Please repeat the records word for word and skip the pictures.

Data under study:
┌──
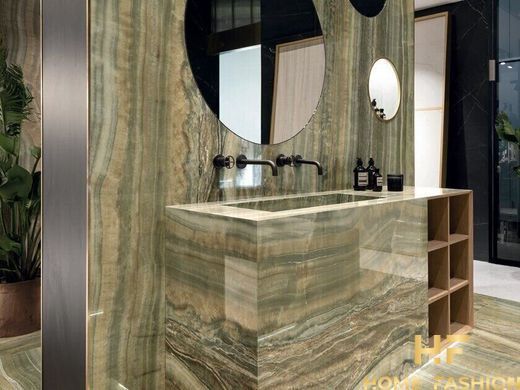 Керамограніт Ultra Onici Green Onyx Vein Cut 37,5x75 Lucidato Shiny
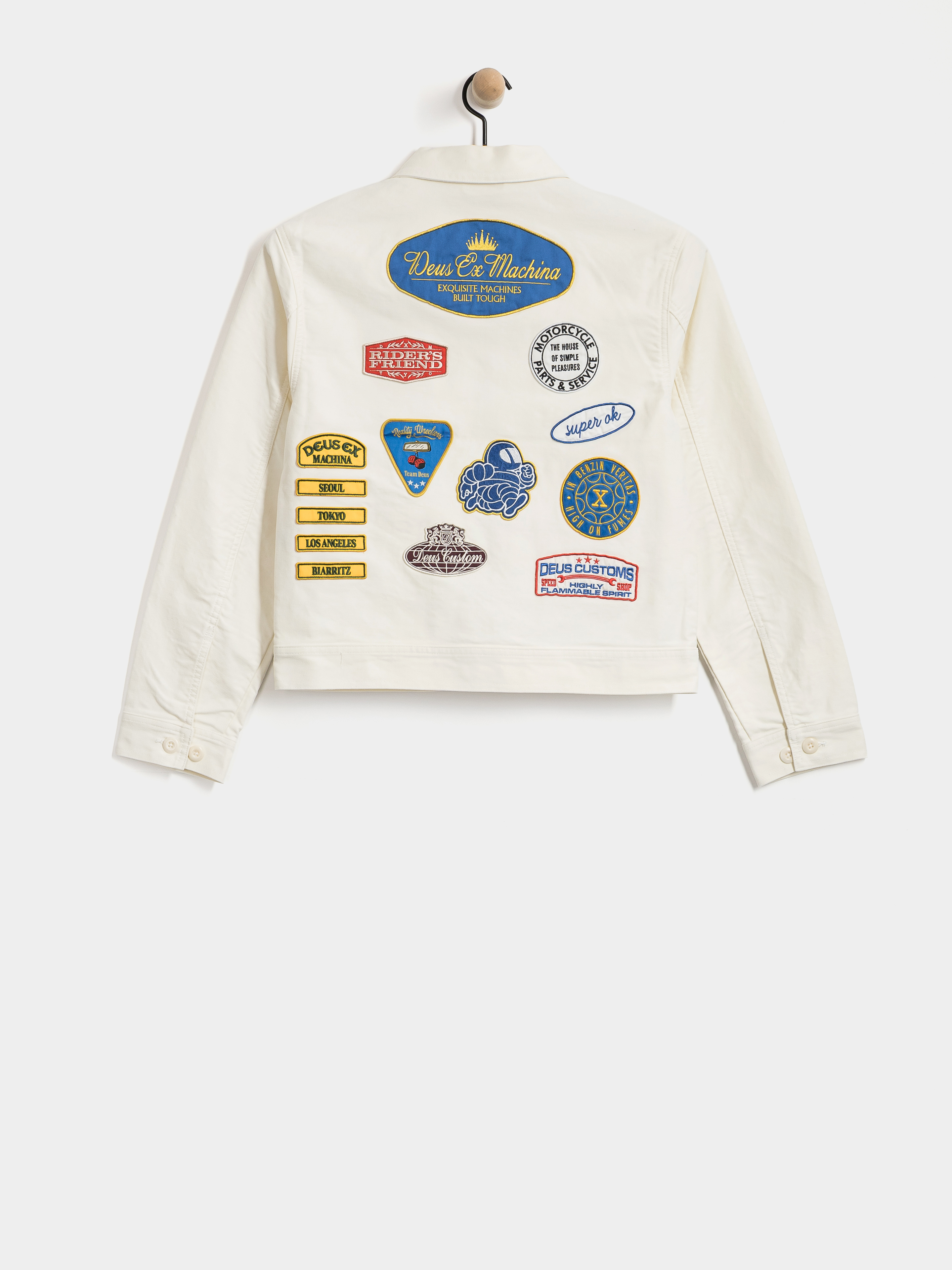 Куртка Deus Ex Machina Trophy Wmn (whisper white)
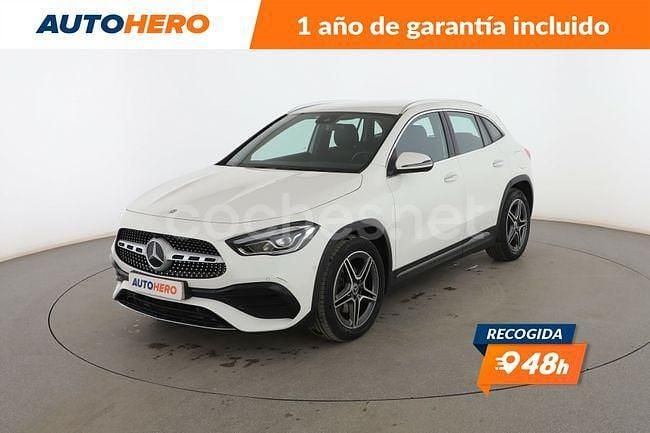 Blanco Usado 2021 Mercedes GLA200 AMG line SUV | 32.899 € (Precio justo) - Imagen 1/3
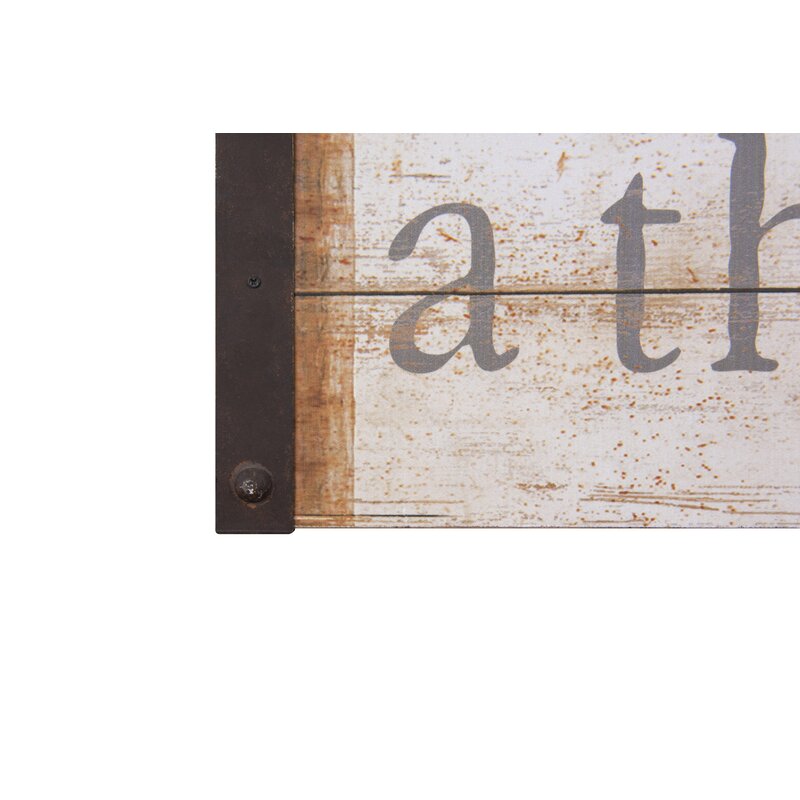 Hablic Thankful Heart Wood Wall Decor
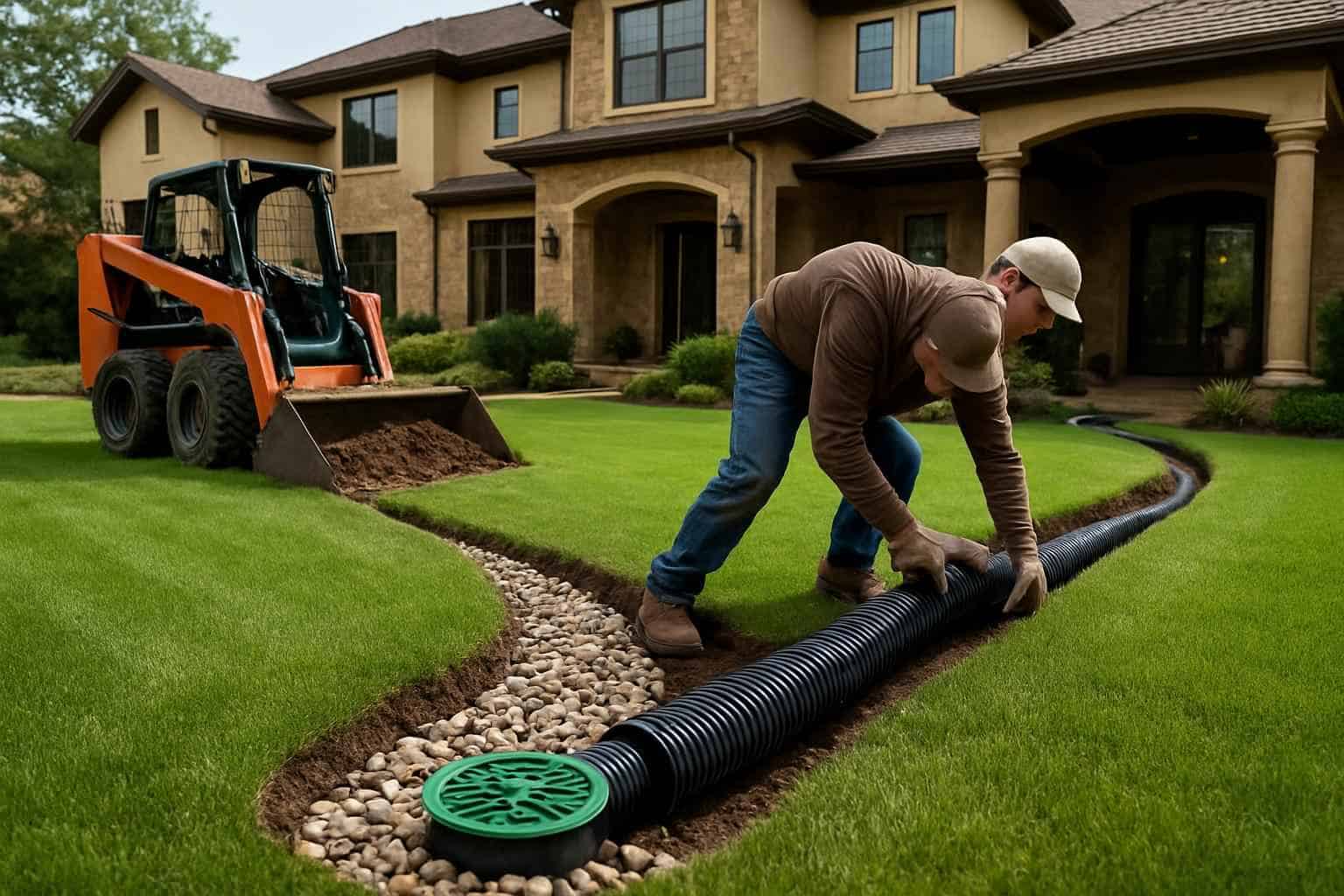 Drainage Solutions Contractor In Camp Verde TX Yard Drainage Company in Camp Verde TX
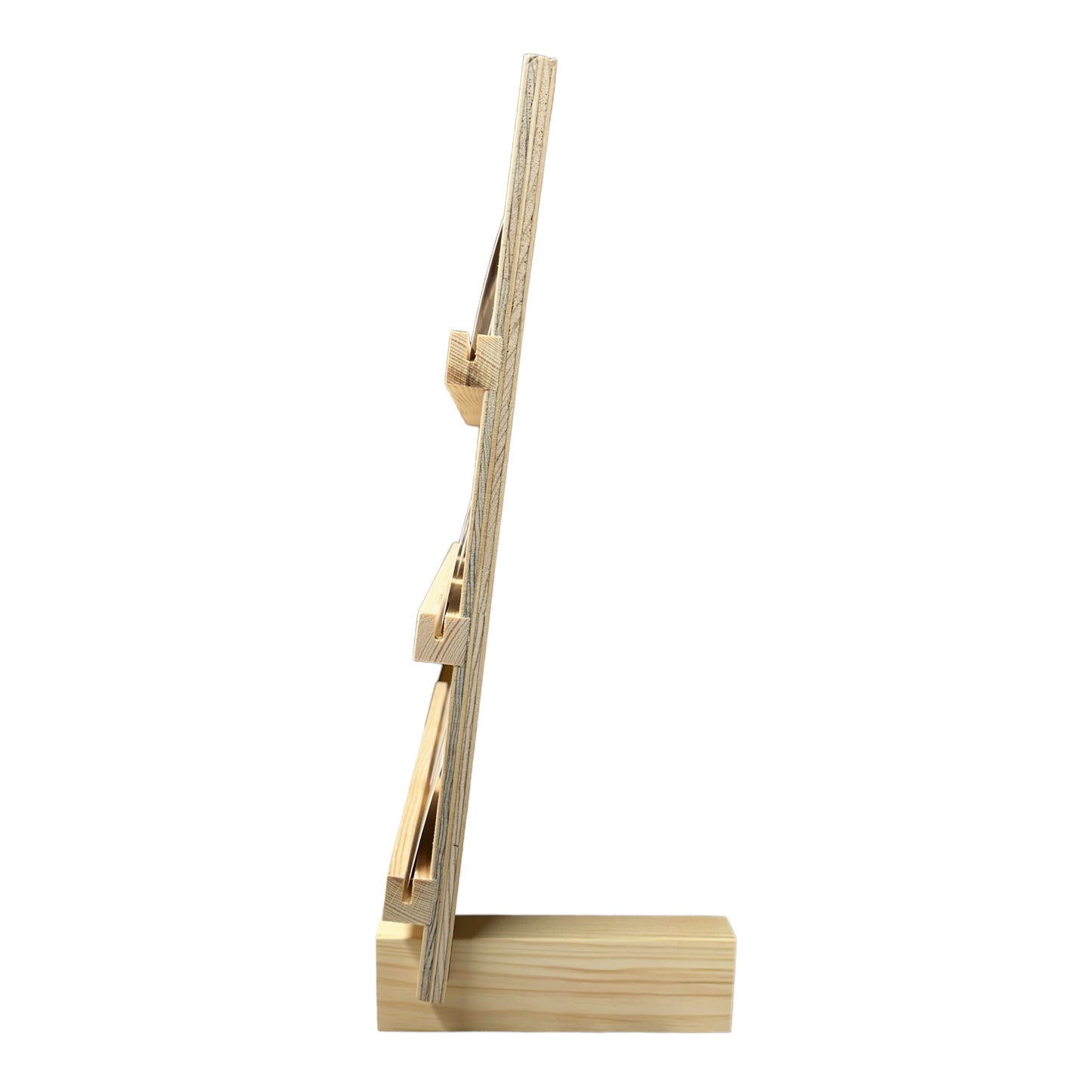 Grooved Card Backed Product Display Plywood Earring Card Display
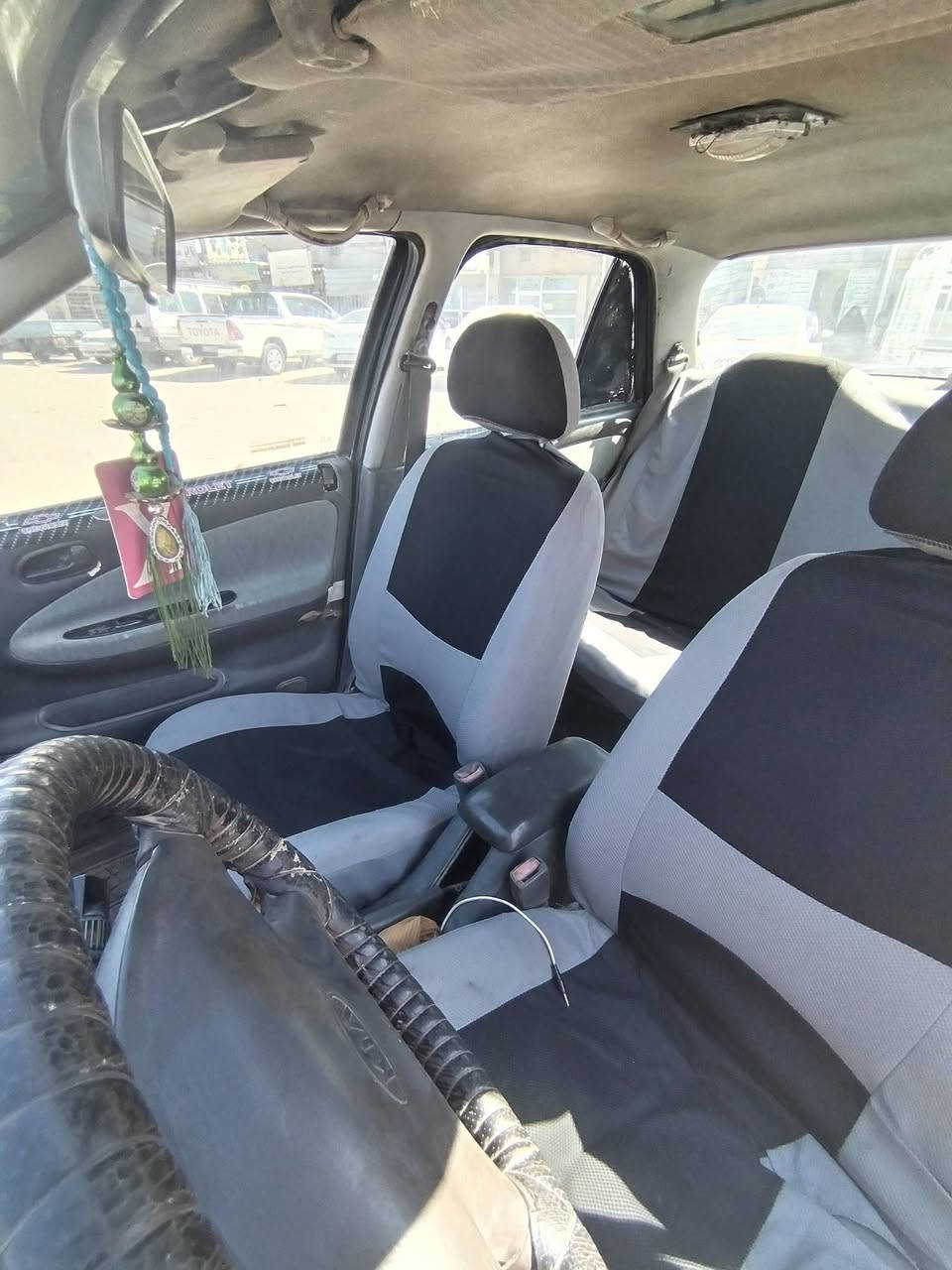 للبيع كيا سيفيا موديل 95 محرك مفتوح كير عادي سياره جارده ما بيه صبغ السياره خير من  الله معروضه 28 وبيه مجال *********** المكان خان ضاري والفلوجه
└──
Exercise result:
 Керамограніт Ultra Onici Green Onyx Vein Cut 37,5x75 Lucidato Shiny
 Куртка Deus Ex Machina Trophy Wmn (whisper white)
 Blanco Usado 2021 Mercedes GLA200 AMG line SUV | 32.899 € (Precio justo) - Imagen 1/3
 Hablic Thankful Heart Wood Wall Decor
 Drainage Solutions Contractor In Camp Verde TX Yard Drainage Company in Camp Verde TX
 Grooved Card Backed Product Display Plywood Earring Card Display
 للبيع كيا سيفيا موديل 95 محرك مفتوح كير عادي سياره جارده ما بيه صبغ السياره خير من  الله معروضه 28 وبيه مجال *********** المكان خان ضاري والفلوجه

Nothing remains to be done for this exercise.